De afdeling Elektrotechniek van het Koninklijk Instituut van Ingenieurs komt tot die constatering na een groot intern debat tussen voor- en tegenstanders van windenergie % de voorstanders werden aangevoerd door TU-hoogleraar prof.dr.ir. Gijs van Kuik. Aan de ene kant, zo meldt het Kivi, is het technisch gezien mogelijk om twintig procent van de Nederlandse behoefte aan elektriciteit op te wekken met windmolens. Daar zijn alleen wel veel meer windmolens voor nodig dan voorzien: gezien de verwachte stijging in het energieverbruik heeft Nederland een windpark in de Noordzee nodig dat tien megawatt genereert % haast anderhalf keer zoveel als de zes megawatt waar de huidige plannen van uitgaan.
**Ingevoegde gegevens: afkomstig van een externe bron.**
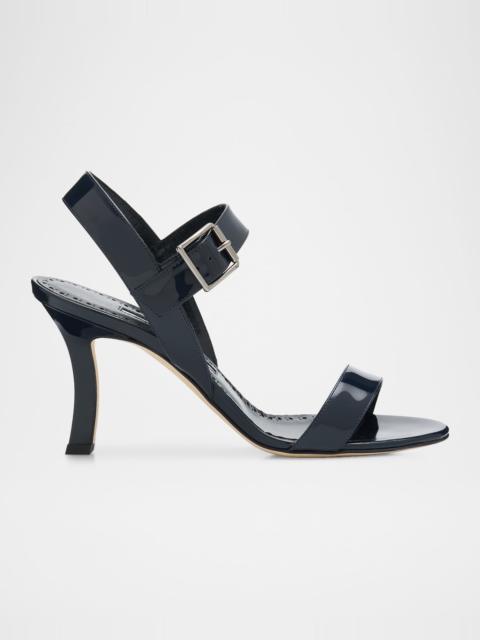 Manolo Blahnik 90mm Patent Leather Ankle-Strap Sandals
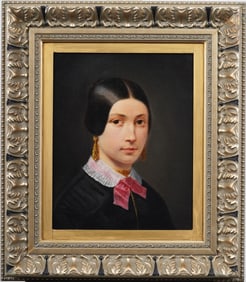Important Antique French 19th Century Framed Young Woman Portrait Oil Painting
En: er is geen enkele hoop dat windenergie binnen afzienbare tijd geld oplevert. Daarvoor zijn de molens te duur en is de opbrengst te laag. De Kivi schat in dat er de komende decennia vijftien tot 25 miljard euro nodig is om een Noordzeepark op touw te zetten, ofwel een à twee miljard euro per jaar. En de opbrengst is volgens het Kivi ‘beperkt’: 20 procent elektriciteit uit windmolens leidt tot 5 procent reductie van de totale CO2-uitstoot.

Van Kuik vindt de persverklaring waarmee het Kivi naar buiten treedt `niet helemaal gelukkig geformuleerd.’ Niet de maatschappij draait op voor alle kosten; de particuliere energiesector doet immers volop mee. ,,De vraag wat de overheid kwijt is, staat nog open.” Bovendien vindt Van Kuik dat de ingenieurskoepel de stand van zaken nogal somber verwoordt. ,,Je kijkt toch aan tegen twintig procent reductie van het gebruik van met fossiele brandstoffen opgewekte elektriciteit. En met vijf procent reductie van de CO2-uitstoot ben je best aardig bezig.”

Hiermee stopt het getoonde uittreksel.